Defendant appeals a conviction of attempted rape, sodomy and aggravated burglary. He alleges four points for reversal which relate to: (1) lack of a full volun-tariness hearing on a confession; (2) ineffective assistance of counsel; (3) commenting on defendant’s failure to testify; and, (4) the unconstitutionality of the sodomy statute.
V oluntdriness Hearing
Defendant’s trial attorney had known of the purported confession several months prior to trial. He did not file a motion to suppress within the time prescribed by R.Cr.P. 18, § 41-23-18, N.M.S.A. 1953 (2d Repl. Vol. 6, 1972, Supp.1973). During the trial the state offered the confession into evidence. Defendant then requested a hearing be held out of the presence of the jury concerning voluntariness. The jury was excused and two police officers testified as to the voluntariness of the confession. Defendant extensively cross-examined the officers. The state then moved that the testimony and confession be presented to the jury. Defendant then moved to examine other witnesses as to whether the confession was voluntary. The motion was denied as untimely.
Defendant then moved to make an offer of proof as to the voluntary nature of this confession. The trial court granted the motion but defendant did not call any witnesses to make his offer of proof. Further, defendant did not testify at trial nor did he call any witnesses.
This court has clearly recognized that defendant has a constitutional right to have a fair hearing and a reliable determination on the issue of voluntariness. In State v. Word, 80 N.M. 377, 456 P.2d 210 (Ct.App.1969) this court stated:
“Defendant has the constitutional right at some stage in the proceeding to object to the use of the confession and to have a fair hearing and a reliable determination on the issue of voluntariness; a determination uninfluenced by the truth or falsity of the confession. State v. Ortega, 77 N.M. 7, 419 P.2d 219 (1966); Pece v. Cox, 74 N.M. 591, 396 P.2d 422 (1964); see Jackson v. Denno, 378 U.S. 368, 84 S.Ct. 1774, 12 L.Ed.2d 908, 1 A.L.R.3d 1205 (1964). When a defendant makes it known he has something to say touching the integrity of a claimed confession, however incredible as it may appear to the trial court, the defendant must be heard. The trial judge has no choice.”

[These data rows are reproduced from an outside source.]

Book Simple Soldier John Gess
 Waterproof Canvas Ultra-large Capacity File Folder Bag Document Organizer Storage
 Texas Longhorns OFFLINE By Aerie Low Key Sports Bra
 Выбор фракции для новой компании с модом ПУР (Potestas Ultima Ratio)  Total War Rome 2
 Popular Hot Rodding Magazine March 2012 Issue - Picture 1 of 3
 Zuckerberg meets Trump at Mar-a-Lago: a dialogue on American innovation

Subsequently, our Supreme Court adopted Rule 18(c), supra, which provides:
“(c) Time for Filing. A motion to suppress shall be made within twenty days after the entry of a plea, unless, upon good cause shown, the trial court waives the time requirement of this rule.”
Defendant contends that rules of criminal procedure that set time limitations cannot deprive defendant of his constitutionally protected right to a voluntariness hearing.
18 U.S.C.A. § 41(e) (1961) was very similar to Rule 18. Prior Rule 41(e) provided in part:
“. . . . The motion shall be made before trial or hearing unless opportunity therefor did not exist or the defendant *652was not aware of the grounds for the motion, but the court in its discretion may entertain the motion at the trial or hearing.”
Although Rule 41, supra, has been amended, there is a long line of cases that have construed the effect of the prior Rule 41(e), supra. In Small v. United States, 396 F.2d 764 (5th Cir. 1968), the court upheld a trial court’s denial of a motion to suppress evidence as untimely when the motion to suppress was not submitted until the government offered the evidence at trial. In upholding the trial court’s denial the Small court stated:
“The purpose of Rule 41(e) in requiring Motions to Suppress to be introduced prior to trial is to facilitate a uniform presentation of the facts and law to the jury with as few disruptive intervals as possible. Although the trial judge is free to exercise judicial discretion when a motion is offered for the first time during the trial where there would be obvious prejudice to the defendant, the granting of such a motion.is disfavored where counsel was fully aware of the facts prior to trial and had ample opportunity to present the motion. [Citations omitted].”
“. . . This provision of Rule 41(e), requiring the motion to suppress to be made before trial, is a crystallization of decisions of this Court requiring that procedure, and is designed to eliminate from the trial disputes over police conduct not immediately relevant to the question of guilt. [Citations omitted].”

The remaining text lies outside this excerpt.